В ответ на широко разрекламированные планы объединенной коалиции о предстоящем генеральном штурме ключевой позиции египтян в районе Суэцкого канала – города и порта Порт-Саид наше правительство выступило с предостережением к мировому сообществу: «…внять голосу благоразумия и остановить войну в Египте». Конечно же, не вняли, пошли на штурм.
Любители сенсаций, фотокорреспонденты западных СМИ были, естественно, на месте предстоящих ожидаемых победных действий англо-французской эскадры.

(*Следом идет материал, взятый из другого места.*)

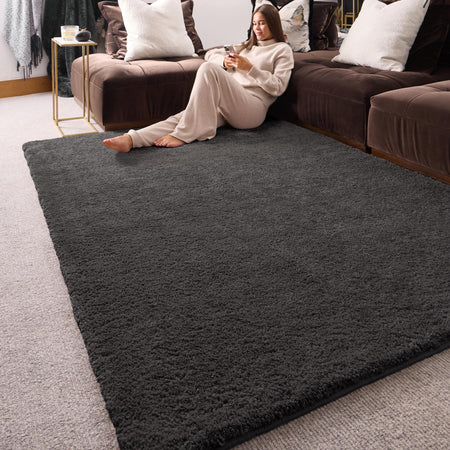 MadeNorth Lux Rug Charcoal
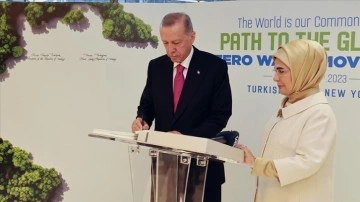 Cumhurbaşkanı Erdoğan New York'ta, Küresel Sıfır Atık İyi Niyet Beyanı'na ilk imzayı attı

И вот что они увидели. Утром 5 ноября 1956 года объединенная англо-французская эскадра пошла с моря на штурм города и порта. Эскадру возглавлял французский крейсер, который огнем с моря поддерживал высадку десанта. Ему в кильватере следовали другие корабли поддержки десантников. Западная пресса сообщала, что в разгар операции по высадке десанта «…французский крейсер как-то странно задрожал, окутался клубами пара и на глазах всей эскадры стал рассыпаться». На помощь к нему стремительно бросился миноносец сопровождения, который «вдруг на что-то налетел и взорвался, не дойдя до терпящего бедствие крейсера». Никто из экипажей этих двух кораблей не спасся. Видя происшедшее, десантники, частично зацепившиеся за египетский берег, панически бежали на кораблях поддержки. Вся объединенная эскадра срочно покинула поле боя.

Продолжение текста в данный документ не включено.